The CFPB found that Mark Corbett, a broker of high-interest credit contracts, misrepresented the terms of loans originated in exchange for future cash flows on the pensions of veterans. The Bureau identified four violations:
1) Misrepresenting that the loan contracts were valid and enforceable. Veteran’s pension payments are not assignable under federal law.
2) Misrepresented the nature of the product.
3) Misrepresented when the veterans would receive their funds.
4) Failed to disclose the correct interest rate.
Contracting to receive pension proceeds owed to a veteran is prohibited under a series of laws collectively referred to as the Federal Anti-Assignment Acts.
38 U.S.C. 5301 (a) “Non-assignability and exempt status of benefits” prohibits any agreements to purchase military pensions or benefits. 37 USA 701 (c) says that “enlisted member of the Army, Navy, Air Force, or Marine Corp may not assign his pay, and if he does so, the assignment is void.”
The CFPB said that Corbett brokered contracts for the Doe Companies to assign pensions owed to veterans from 2011 to 2019.
At various times, Corbett operated websites called buyyourpension.com, vapensionloans.com, veteransbenefitsleverage.com, buyoutyourpension.com, and buyyourannuity.com.
For those violations, the Bureau levied a civil money penalty of $1. The penalty is payable to the CFPB’s Civil Money Penalty Fund – meaning that veterans will not receive any relief whatsoever.
The Bureau agreed to Corbett’s request that he not have to admit to any of the findings of fact in the Consent Order.

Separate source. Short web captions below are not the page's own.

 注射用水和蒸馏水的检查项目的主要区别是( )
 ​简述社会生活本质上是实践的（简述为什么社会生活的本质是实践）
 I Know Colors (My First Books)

My hunch is that the CFPB chose this amount because you cannot penalize someone for less than one dollar.
Why spend tens or hundreds of thousands of dollars on staff time to build a successful case against a person and then fine them for $1? Do the people in enforcement at the CFPB believe they work with or against the staff that handles investigations? Somewhere, Bartleby the Scrivener is smiling.

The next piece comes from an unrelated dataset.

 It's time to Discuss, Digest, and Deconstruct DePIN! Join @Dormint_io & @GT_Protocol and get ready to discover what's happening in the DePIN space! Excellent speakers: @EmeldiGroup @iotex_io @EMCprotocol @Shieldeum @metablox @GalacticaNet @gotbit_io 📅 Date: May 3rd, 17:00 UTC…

Investigators: “How much should we penalize this person for violating the Federal Anti-Assignment Act?”
Enforcement: “I would prefer not to.”
The CPFB Applies an Ability to Repay Standard
The CFPB defended its penalty because Corbett could not afford to pay more.
In Section VI, part 41 the Bureau writes that “having an inability to pay…Respondent must pay a civil money penalty of $1 to the Bureau.”

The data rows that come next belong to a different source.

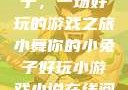 小舞你的小兔子，一场好玩的游戏之旅小舞你的小兔子好玩小游戏小说在线阅读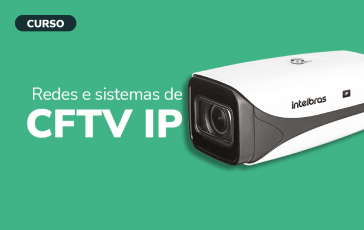 FUNDAMENTOS: REDES E SISTEMAS DE CFTV IP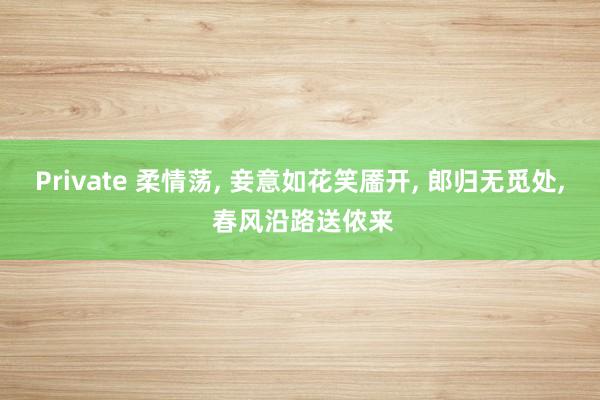 Private 柔情荡， 妾意如花笑靥开， 郎归无觅处， 春风沿路送侬来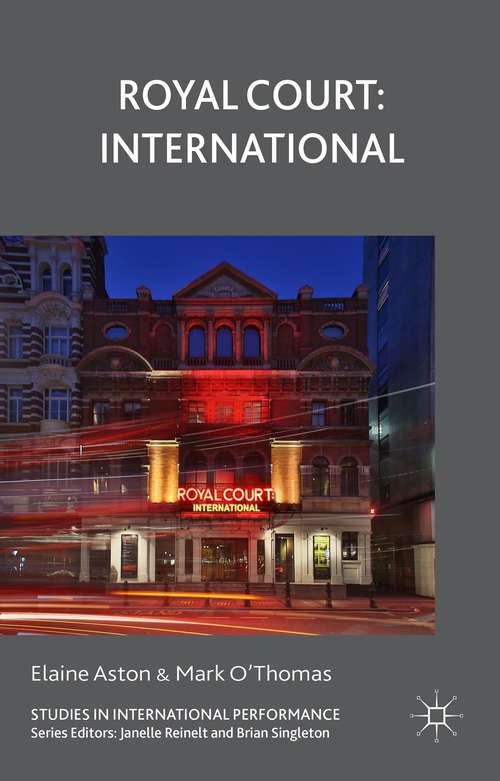 Royal Court: International (Studies In International Performance)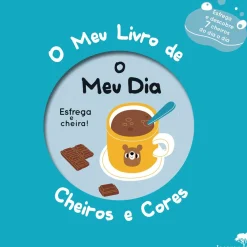 Jacaranda Bebé > O Meu Dia - o Meu Livro de Cheiros e Cores - Jacarandá Infantis e Juvenis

Most people do not receive similar terms.
If this standard were applied more widely, then wage garnishment would probably be a thing of the past.
Oddly enough, the CFPB’s final rule governing payday lending centered itself on an ability-to-repay standard, yet the CFPB has now opened up the rule with the likely intent of eliminating ability-to-repay as a basis for underwriting.
The new team at the CFPB has argued that under an ability-to-repay standard, payday lenders would experience “irreparable harm” and that many would choose to close their doors altogether.
The fact that the CFPB used the phrase irreparable harm is telling, as high-cost lending trade group Community Financial Services Association of America has used the same term to describe the impact of the rule. (See “Bureau’s Small-Dollar Loan Rule Already Causing Irreparable Harm to Businesses in Advance of 2019).